WARNING:tensorflow:Compiled the loaded model, but the compiled metrics have yet to be built. `model.compile_metrics` will be empty until you train or evaluate the model.
INFO:tensorflow:Assets written to: ./models/generator/assets
WARNING:tensorflow:Compiled the loaded model, but the compiled metrics have yet to be built. `model.compile_metrics` will be empty until you train or evaluate the model.
INFO:tensorflow:Assets written to: ./models/discriminator/assets

WARNING:tensorflow:Compiled the loaded model, but the compiled metrics have yet to be built. `model.compile_metrics` will be empty until you train or evaluate the model.
INFO:tensorflow:Assets written to: ./models/generator/assets
WARNING:tensorflow:Compiled the loaded model, but the compiled metrics have yet to be built. `model.compile_metrics` will be empty until you train or evaluate the model.
INFO:tensorflow:Assets written to: ./models/discriminator/assets

3. Analysing the GAN

We can see some examples of images produced by the GAN.

(I don’t have a GPU so training is slow and I only trained 100 epochs… they’re a bit crap)

# Sample some points in the latent space, from the standard normal distribution
grid_width, grid_height = (10, 3)
z_sample = np.random.normal(size=(grid_width * grid_height, Z_DIM))

# Decode the sampled points
reconstructions = generator.predict(z_sample)

# Draw a plot of decoded images
fig = plt.figure(figsize=(18, 5))
fig.subplots_adjust(hspace=0.4, wspace=0.4)

# Output the grid of faces
for i in range(grid_width * grid_height):
    ax = fig.add_subplot(grid_height, grid_width, i + 1)
    ax.axis("off")
    ax.imshow(reconstructions[i, :, :], cmap="Greys")

We also want to make sure a generative model doesn’t simply recreate images that are already in the training set.

As a sanity check, we plot some generated images and the closest training images (using the L1 distance). This confirms that the generator is able to understand high-level features, even though we didn’t provide anything other than raw pixels, and it can generate examples distinct from those encountered before.

def compare_images(img1, img2):
    return np.mean(np.abs(img1 - img2))

all_data = []
for i in train.as_numpy_iterator():
    all_data.extend(i)
all_data = np.array(all_data)

# Plot the images
r, c = 3, 5
fig, axs = plt.subplots(r, c, figsize=(10, 6))
fig.suptitle("Generated images", fontsize=20)

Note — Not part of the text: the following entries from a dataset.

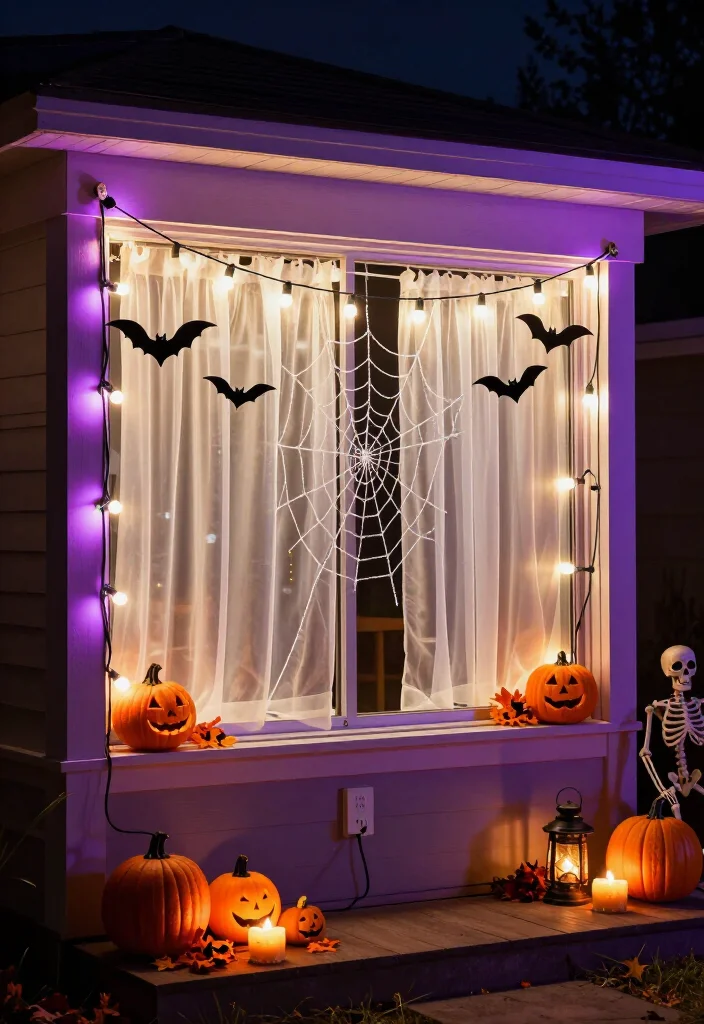 11 Best Halloween String Lights for a Bewitching Glow (Plus Outdoor Safety Tips You Shouldn't Skip!) 51 11 Best Halloween String Lights for a Bewitching Glow (Plus Outdoor Safety Tips You Shouldn't Skip!) - 8. Best for Windows and Small Spaces: Curtain Lights with Soft White LEDs 1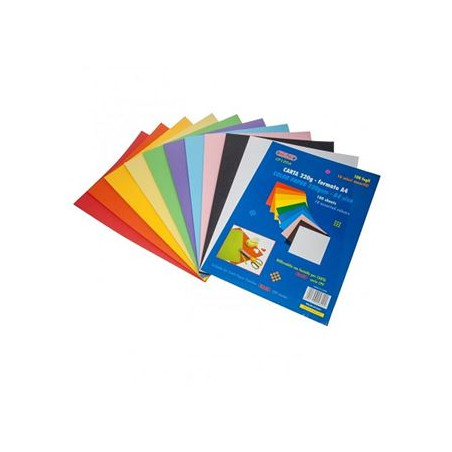 Carta color A4 220gr.100fg. verde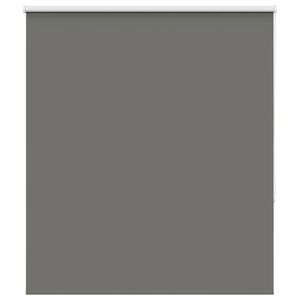 vidaXL Roller Blind Blackout Grey 135x150 cm Fabric Width 131.6 cm Polyester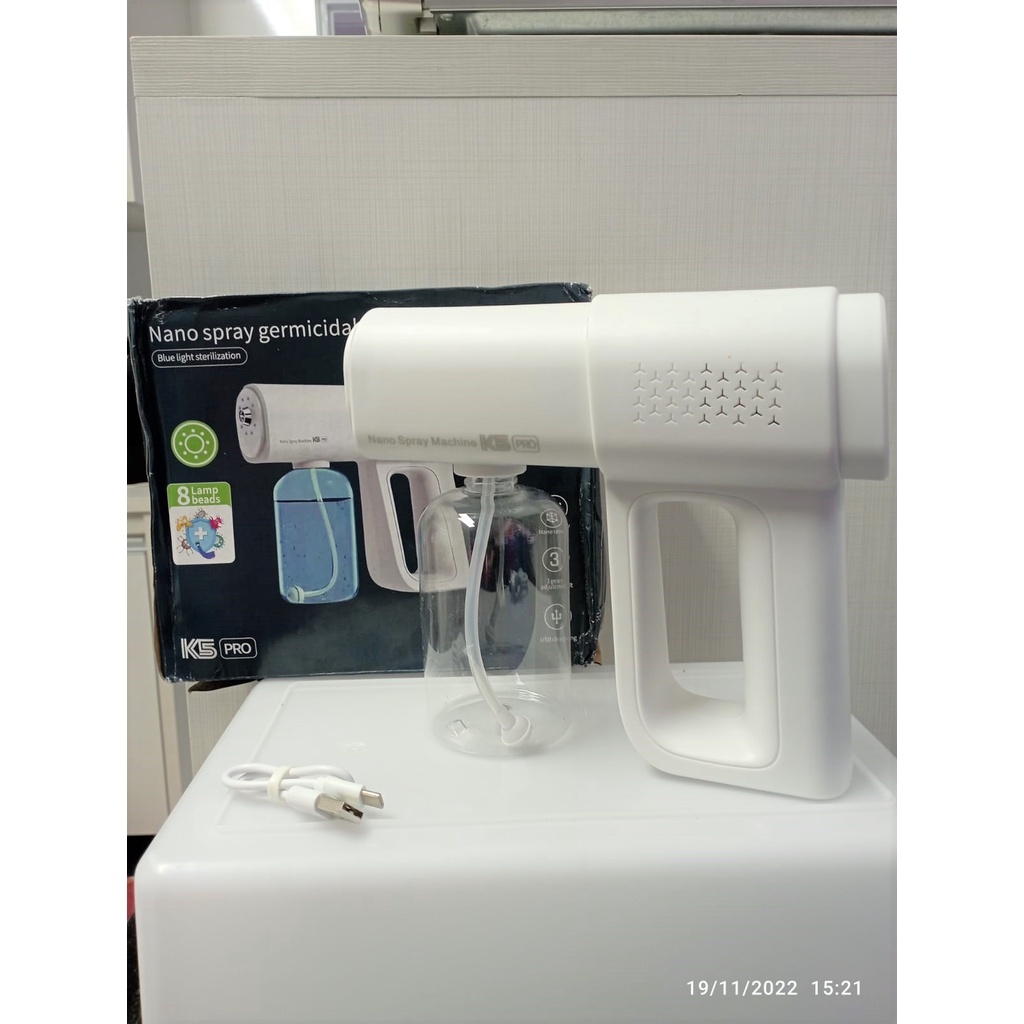 Pistola Capilar Elétrica e Pulverizador portátil K5 PRO Nano Spray sem fio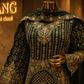 The Elegant Pakistani Pattern Designer Semi-Stitched Dress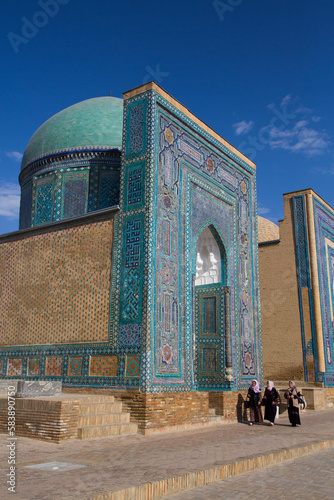 Usto Ali Nasafi Mausoleum, Middle Complex, Shah-I-Zinda Acropolis, UNESCO World Heritage Site, Samarkand photo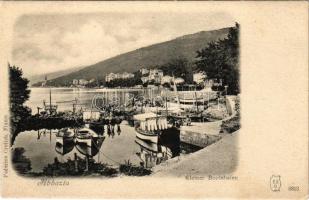 Abbazia, Opatija; Kleiner Bootshafen. Federico Cretich / csónakkikötő / small boat port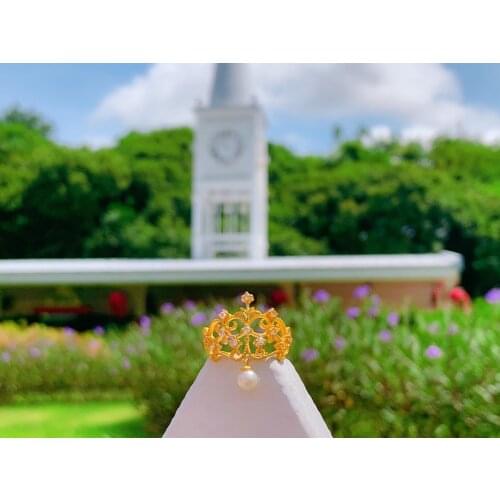 HX 24K Pure Gold Ring Real AU 999 Solid Gold Rings Elegant Shiny Heart Beautiful Upscale Trendy Jewelry Hot Sell New 2020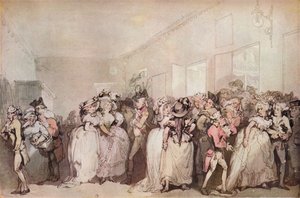 Box Lobby Loungers von 1785 von Thomas Rowlandson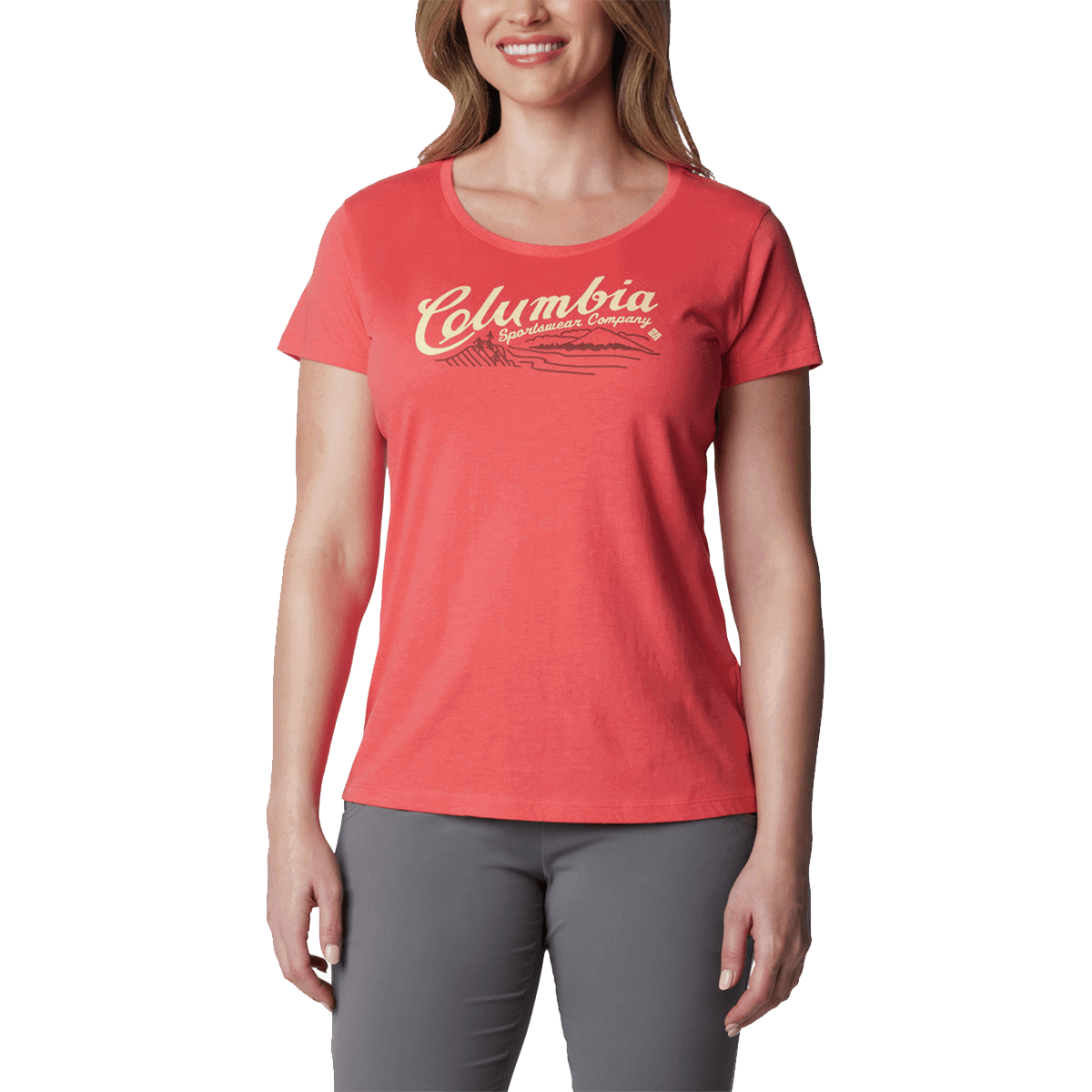 T-shirt Columbia Daisy Days™ Short Sleeve Graphic Tee Rød | 1934592608, 0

noise = np.random.normal(size=(r * c, Z_DIM))
gen_imgs = generator.predict(noise)

cnt = 0
for i in range(r):
    for j in range(c):
        axs[i, j].imshow(gen_imgs[cnt], cmap="gray_r")
        axs[i, j].axis("off")
        cnt += 1

plt.show()

1/1 [==============================] - 0s 80ms/step

fig, axs = plt.subplots(r, c, figsize=(10, 6))
fig.suptitle("Closest images in the training set", fontsize=20)

cnt = 0
for i in range(r):
    for j in range(c):
        c_diff = 99999
        c_img = None
        for k_idx, k in enumerate(all_data):
            diff = compare_images(gen_imgs[cnt], k)
            if diff < c_diff:
                c_img = np.copy(k)
                c_diff = diff
        axs[i, j].imshow(c_img, cmap="gray_r")
        axs[i, j].axis("off")
        cnt += 1

plt.show()

4. GAN Training Tips

GANs are notoriously difficult to train because there is a balancing act between the generator and discriminator; neither should grow so strong that it overpowers the other.

4.1. Discriminator Overpowers Generator

The discriminator can always spot the fakes, so the signal from the loss function becomes too weak to cause any meaningful improvements in the generator.

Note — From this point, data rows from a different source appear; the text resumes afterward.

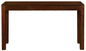 Amsterdam 2 Drawer Sofa Table (Mahogany) - Cosy Abode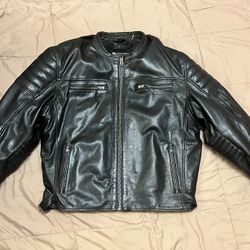 Motorcycle Armor Leather Jacket 3XL
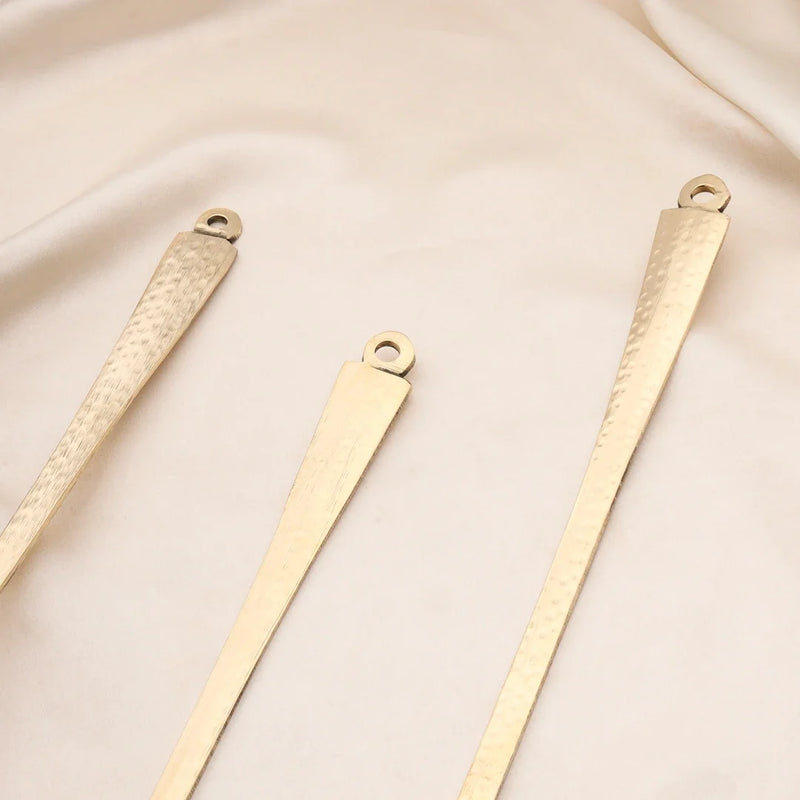 Brass Kitchen Ladles Set  (15.5 Inch)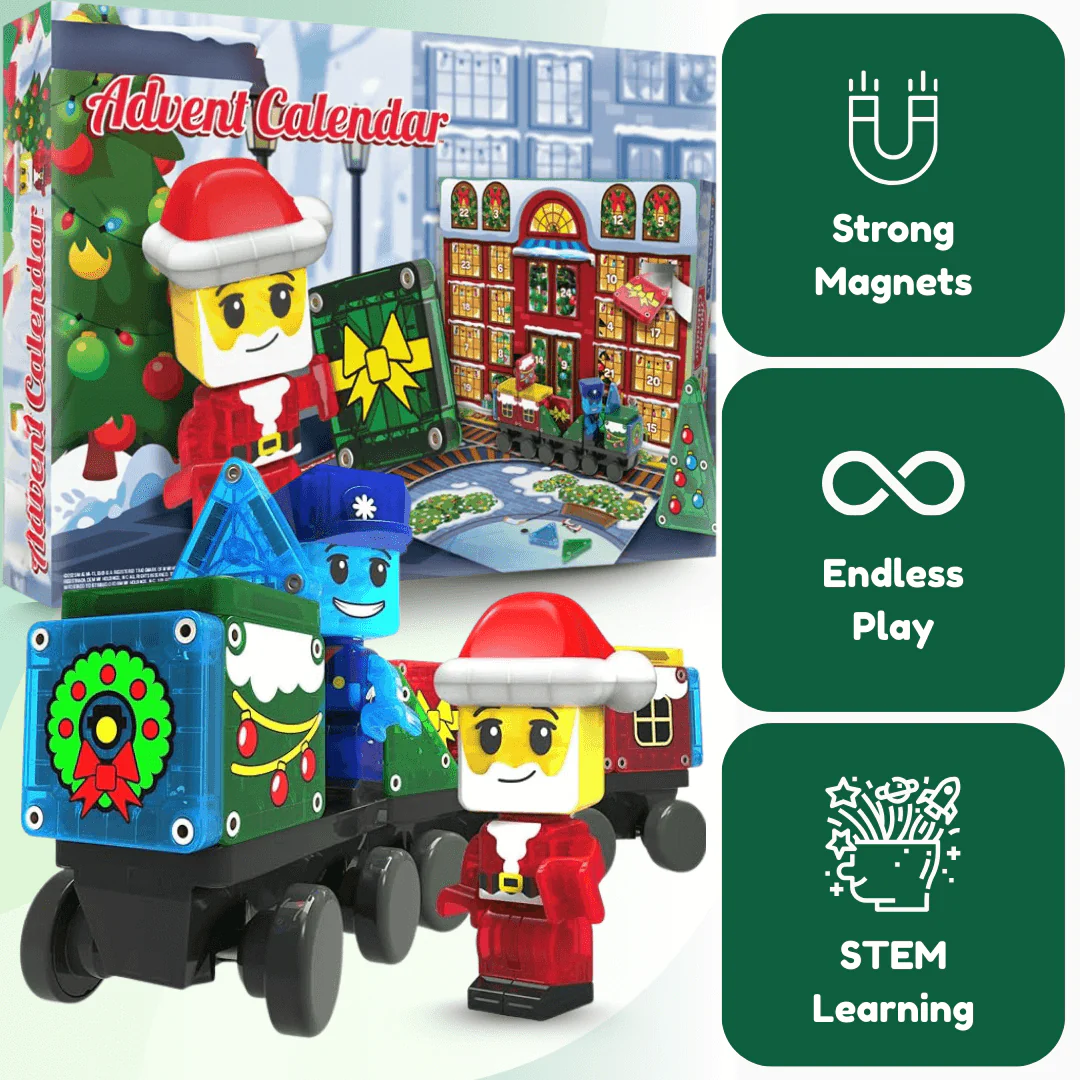 Louxglow® Magnetic Building Tiles Advent Calendar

In the extreme case, the discriminator distinguishes fakes perfectly, so gradients vanish and no training takes place.

We need to weaken the discriminator in this case. Some possible options are:

More dropout
Lower learning rate
Simplify the discriminator architecture - use fewer layers
Add noise to the labels when training the discriminator
Add intentional labelling errors - randomly flip the labels of some images when training the discriminator

4.2. Generator Overpowers Discriminator

If the discriminator is too weak, the generator will learn that it can trick the discriminator using a small sample of nearly identical images. This is known as mode collapse. The generator would map every point in the latent space to this image, so the gradients of the loss function would vanish and it would not be able to recover.

Strengthening the discriminator would not help because the generator would just learn to find a different mode that fools the discriminator with no diversity; it is numb to its input.

Some possible options are:

Strengthen the discriminator - do the opposite of the previous section
Reduce the learning rate of both generator and discriminator
Increase the batch size

4.3. Uninformative Loss

The value of the loss is not meaningful as a measure of the generator’s strength when training.

The loss function is relative to the discriminator, and since the discriminator is also being trained, the goalposts are constantly shifting. Also, we don’t want the loss function to reach 0 or else we may reach mode collapse as described above.

This makes GAN training difficult to monitor.

4.4 Hyperparameters

There are a lot of hyperparameters involved with GANs because we are now training two networks.

The performance is highly sensitive to these hyperparameter choices, and involves a lot of trial and error.

5. Wasserstein GAN with Gradient Penalty (WGAN-GP)

The Wasserstein GAN replaces the binary crossentropy loss function with the Wassserstein lss function in both the discriminator and generator.

This results in two desirable properties:

A meaningful loss metric that correlates with generator convergence. This allows for better monitoring of training.
More stable optimisation process.

5.1. Wassertein Loss

Revisiting Binary Cross-Entropy Loss

First, recall the binary cross-entropy loss, which is defined as: \[ -\frac{1}{n} \sum_{i=1}^{n}{y_i log(p_i) + (1 - y_i)log(1-p_i)} \]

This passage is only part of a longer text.